I can, and have, critiqued the American Dream from within the framework of the Gospel: we are too soft. We are too prosperous while too many are too poor. Our pews are too cushy, our music too out-of-touch, our priorities too scrambled. The modern institution “church” looks nothing like the simple and radical early followers of the house-builder from Galilee. Yadda-yadda-yadda.

But I’m increasingly impatient with this kind of criticism of “the institutional church” or “Christian culture.” Both of these phrases are really empty signifiers waiting to be filled with whatever negative generalizations we come up with. It’s about as difficult, insightful, and radical as bitching about reality TV. (I confess that I do this, too.)

As we’re beginning Saint Junia UMC, and as I read more and more books and authors talking about how the old way of doing things is broken, I am beginning to believe this kind of talk is a symptom of a deeper problem. We are naive, and I believe naiveté is not necessarily benign. It can be sinful.

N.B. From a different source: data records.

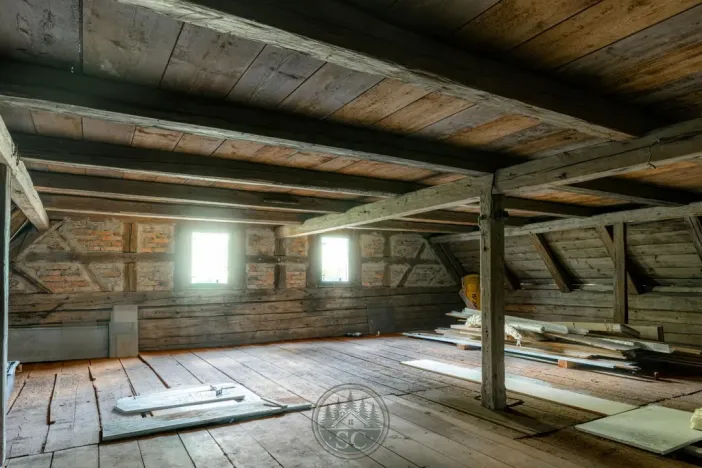 Prodej zemědělské usedlosti, Luby - Opatov, 300 m2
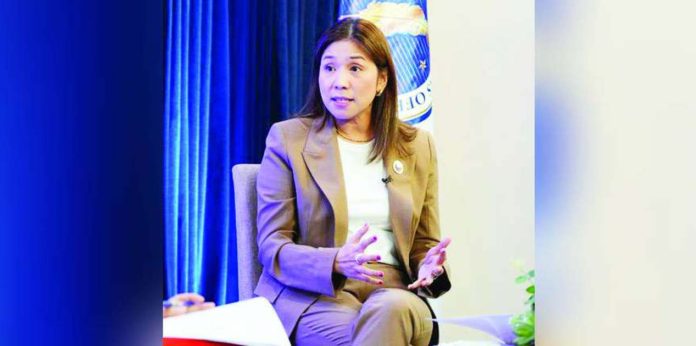 Budget Secretary Amenah Pangandaman says it is important to track the spending patterns of government agencies, adding that high budget utilization rate reflects the agency's absorptive capacity to utilize additional funds.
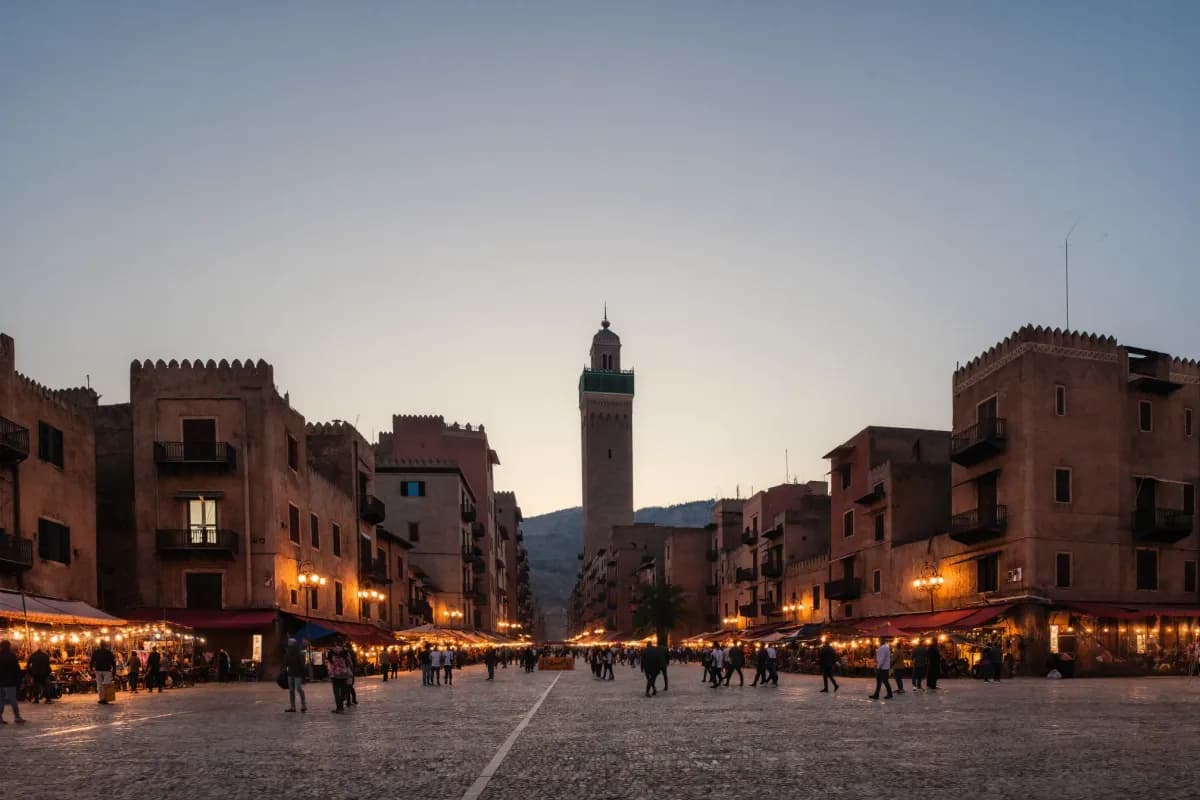 Marrakech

We often believe that the early church must have been great, because the author of Acts says it was (although you can read Paul’s letters for a reality check). We seem to believe it is possible to love human beings but hate human institutions, human groups, and human ways of organizing labor. We talk about “relationships” in a warm and fuzzy way as if they existed outside the context of schedules, money, power, or leadership. I believe that by thinking in these ways we assert a particularly earnest and Christian naiveté that actually allows systems of abuse, indifference, and exploitation to flourish and reproduce.

Politically, it looks like this: Those of us with money, political power, and the freedom to pursue lives of meaningful work love talking about simplicity and criticizing the “American Dream” because it is yet another function of privilege to voluntarily choose a lifestyle rather than be forced into it.

Theologically, it looks like this: We talk about the importance of churches “getting out the pews” without actually noting that people’s butts occupy them for less than an hour each week. We diminish the importance of worship. We elevate the importance of “low overhead.” We make broad, generalized, negative assertions about church members’ volunteerism, beliefs, and generosity with absolutely no data. We repeat the claims of the harshest critics of “the institutional church” without ever asking “Which church? Who does this? Based on what evidence?” We uncritically make the connection between any given church crisis and a thought problem (theological, institutional, or otherwise) rather than demographic, social, or economic changes. “In order to reach a new generation for Christ,” we say, “we need to be more X,” where X can be missional, evangelical, biblical, liberal, conservative, organic, whatever.

Again, while I am no traditionalist, and I do not want to be an apologist for the North American Institutional Church, I am increasingly skeptical that the movers and shakers who write books about where the church needs to go in the next century have any freaking clue. Most of the stuff out there written by would-be-reformers isn’t based on good data. It isn’t even based on good Bible study. It’s based on people’s strong opinions.

I am trying to practice the discipline of non-prophecy. It is surprisingly difficult to hold my tongue about the grand evils of society or the church and look at specific problems and specific solutions, to name the sin not just of “bureaucracy” but of a particular situation with a particular remedy. I think we pastors have been trained away from such thinking because we have been taught it is not only acceptable, but “prophetic” to make broad, data-free assertions about things we don’t like. I also recognize, on reflection, that this, too, is a data-free rant.

I repent, and I will try to do better.